Impact from the state medical examiner fallout
The state of Montana’s recent contract cancellation of a long-time notable Billings forensic pathologist will have direct impacts on Stillwater County.
As of July 1, Dr. Thomas Bennett was no longer authorized by the state to conduct autopsies for county coroners under the authority of an associate state medical examiner.
Stillwater is one such county that has relied on Bennett’s services in that capacity for years. Under a reorganization of the State Medical Examiner’s Office, a state medical examiner will hire two deputy examiners, one of which will work out of Billings.
But until that staff is in place, Stillwater County will have to send any autopsies needed to Rapid City, S.D., which is approximately a six-hour drive one way.

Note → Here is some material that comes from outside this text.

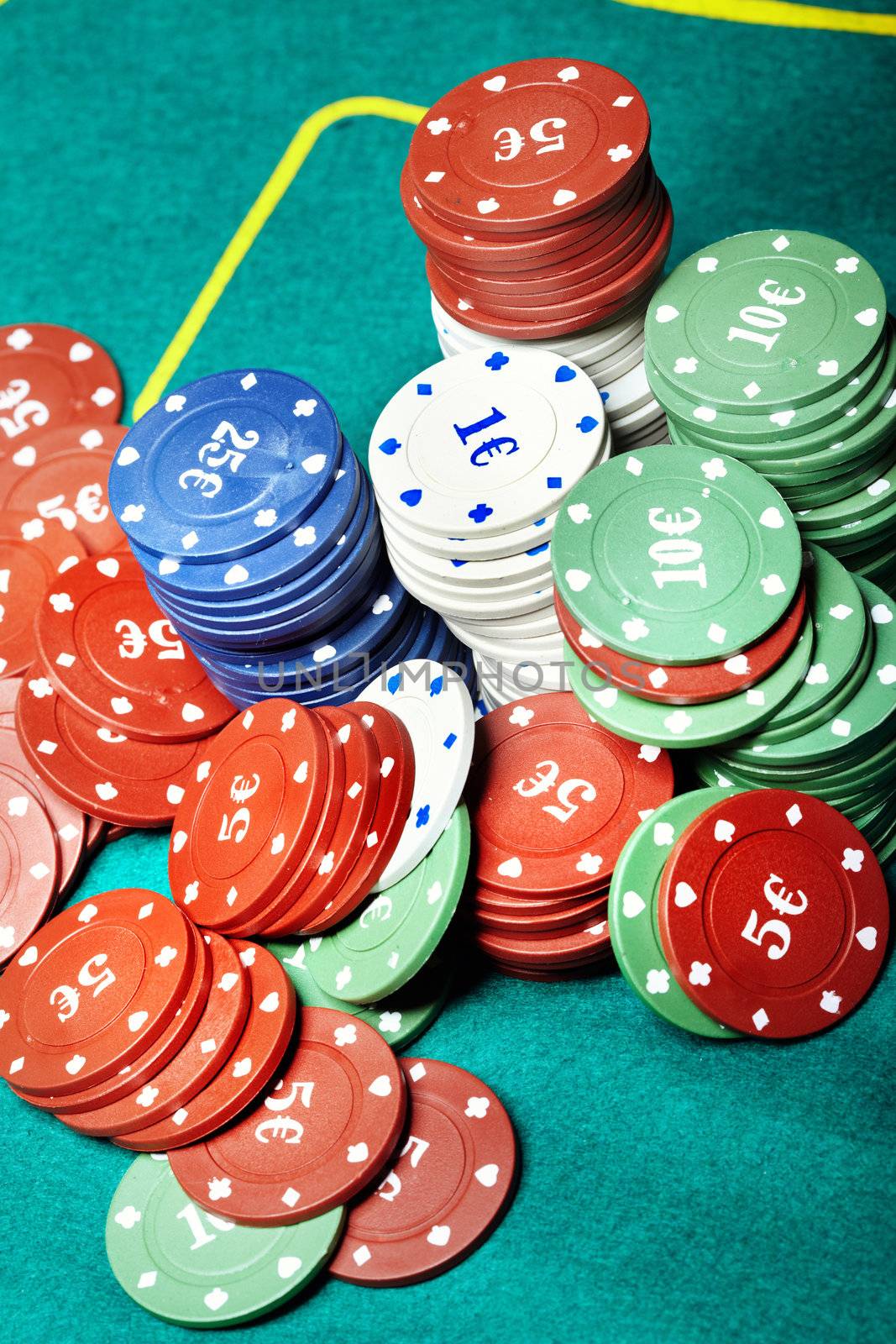 Vertical close-up photo of the various casino chips on a green table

“The state says that they will reimburse the counties for any cost over the normal costs. Includes travel and autopsy cost,” said Stillwater County Sheriff Cliff Brophy, who is also the coroner.
As explained by Brophy, all autopsies ordered by a coroner must be done by an authorized forensic pathologist.
Deaths that occur unattended or when the individual is not under a doctor’s (or hospice) care must be reported to the coroner, who then decides if an autopsy is needed.
All deaths that occur while in the custody of law enforcement require an autopsy. Additionally, an autopsy must be done before the death of a child can be ruled as SIDS related, said Brophy.
Other deaths commonly subject to autopsy include accident and crime victims. (see box for further explanation).
Brophy said Stillwater County averages six autopsy cases per year, with that number sometimes hitting as high as 10.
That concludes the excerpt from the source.